**WHAT NEEDS TO BE DONE:** With pictures excluded, output exactly the lines that run from the first line of the data below through the line containing "HovaBator Genesis Starter".

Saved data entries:
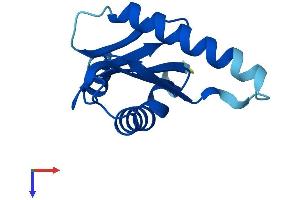 AlphaFold protein structure predicition of Mouse Recombinant Lamtor2 Protein, UniprotID Q9JHS3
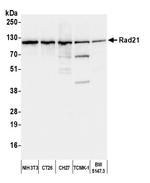 Rad21 Antibody in Western Blot (WB)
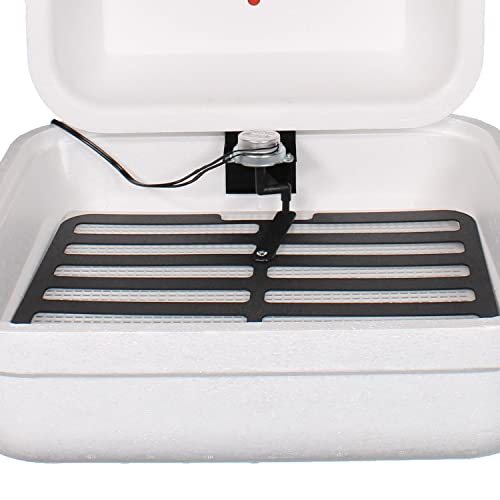 HovaBator Genesis Starter Combo Kit, Egg Incubator, Turner,HumidiKit, Guide - size: Starter Combo Kit + HumidiKit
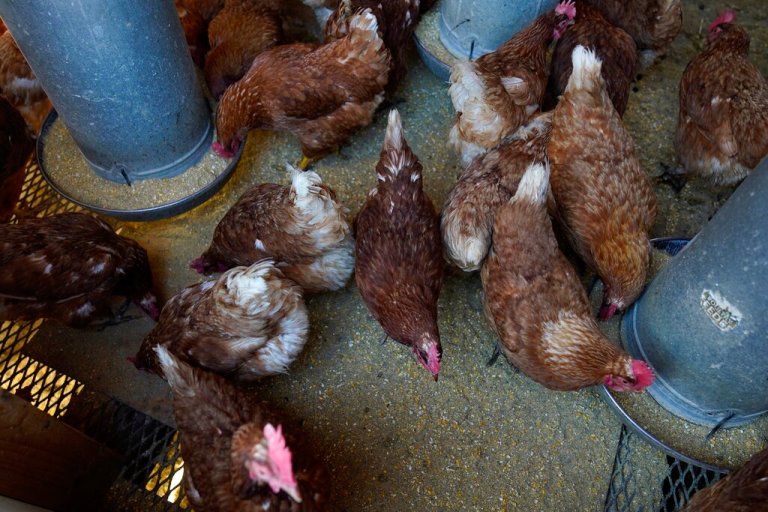 Red Star chickens feed in their coop, Jan. 10, 2023, at Historic Wagner Farm in Glenview, Ill. The ongoing bird flu outbreak has cost the U.S. government roughly $661 million and added to consumers' pain at the grocery store after more than 58 million birds were slaughtered to limit the spread of the virus. (AP Photo/Erin Hooley, File)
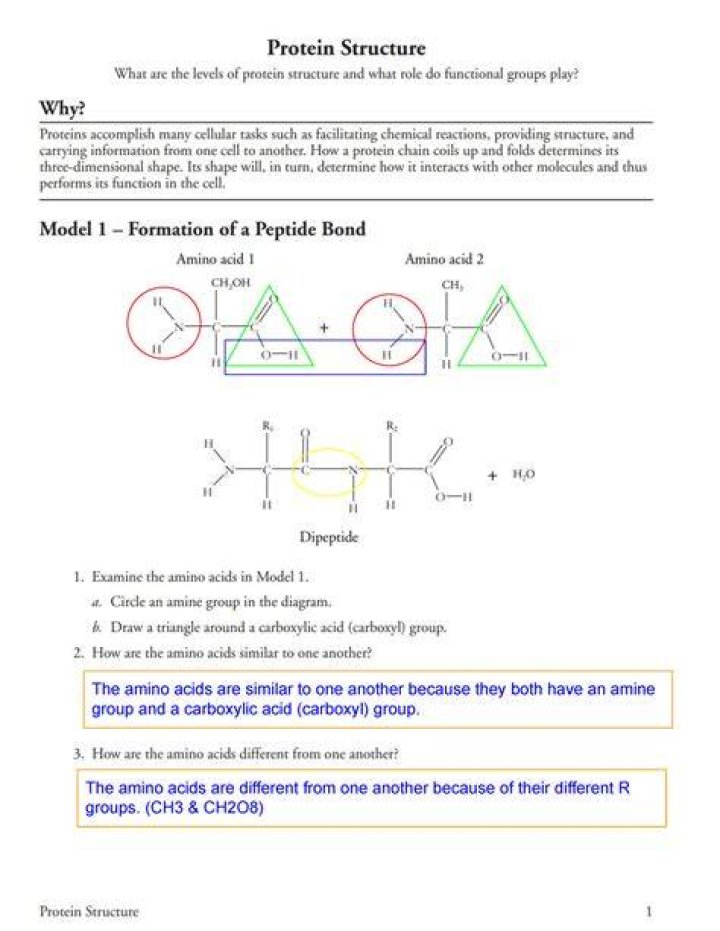 AP Biology Protein Structure POGIL Answer Key PDF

**REPLY:**
 AlphaFold protein structure predicition of Mouse Recombinant Lamtor2 Protein, UniprotID Q9JHS3
 Rad21 Antibody in Western Blot (WB)
 HovaBator Genesis Starter Combo Kit, Egg Incubator, Turner,HumidiKit, Guide - size: Starter Combo Kit + HumidiKit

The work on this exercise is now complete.